Arti-factual Details – Kolozsvar & Cluj Transformed: The 1900 Baedeker Guide (Part Four)

Arti-factual Details – Kolozsvar & Cluj Transformed: The 1900 Baedeker Guide (Part Four)

War changes everything or so it has been said countless times. Reading Baedeker’s 1900 description of Klausenberg (present day Cluj, Romania) I could not help but be struck by how much had changed in the city since the guide was written. These changes were the products of many historical forces, most prominent among them war and revolution. They transformed many aspects of the city beyond all recognition, while others such as the historic architecture survived the tests of terror and remained largely intact despite intermittent periods of turmoil. Though most of the buildings still stand - as either originals or reconstructions), the way many of them are viewed and interpreted has also changed. One of the best ways to understand these changes is by updating Baedeker’s description of Klausenberg and its sites.

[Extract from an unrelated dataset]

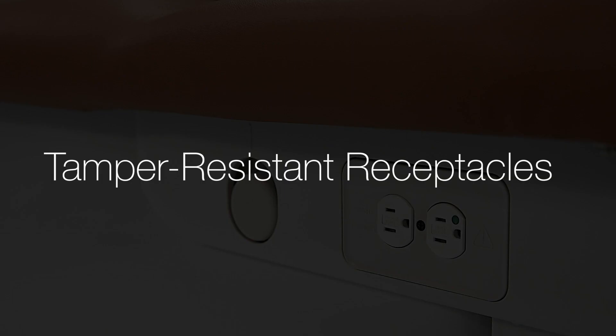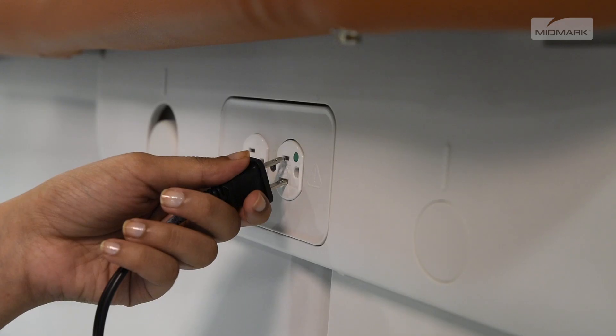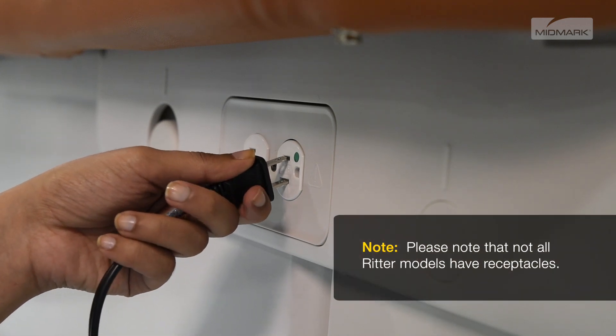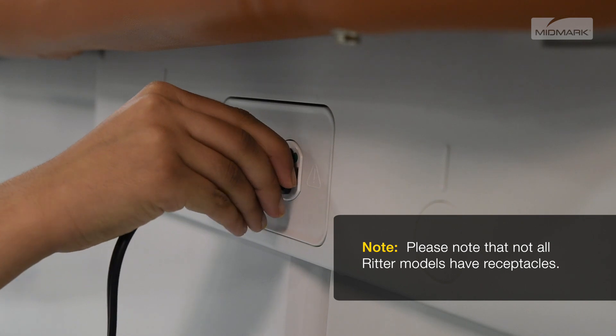Receptacles on each side of the chair provide power for accessories used during medical procedures. Spring-loaded receptacle cover plates protect electrical contacts, preventing the insertion of objects when unequal pressure is applied to the receptacle's contact points.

The Place Stays The Same - The City Constantly Changes

The first sentence of the description states that: “Klausenberg, a town with 34,500 inhabitants, on the Little Szamos, founded by the Saxons in 1272, is the seat of the county of Kolozs, of a Reformed and a Unitarian superintendent and of a Magyar university (since 1872).” Among the revisions now needed for this sentence include the city name, which is now officially known by its Romanian name of Cluj-Napoca, though most residents just call it Cluj. The latter half of the name was added in 1974 when Romania’s communist dictator Nicolae Ceaucescu decreed that Napoca be added to Cluj’s name. This add-on was a reference to a pre-Roman settlement in the same area as the city. Ceaucescu wanted to stoke nationalistic sentiments to distract from his utterly corrupt, venal regime. Klausenberg, the city’s German name has become a distant memory, as are the Saxons who founded or re-founded (depending upon your historical perspective) the town. According to the 2011 Romanian census there were only 544 residents of German ethnicity left in Kolozsvar.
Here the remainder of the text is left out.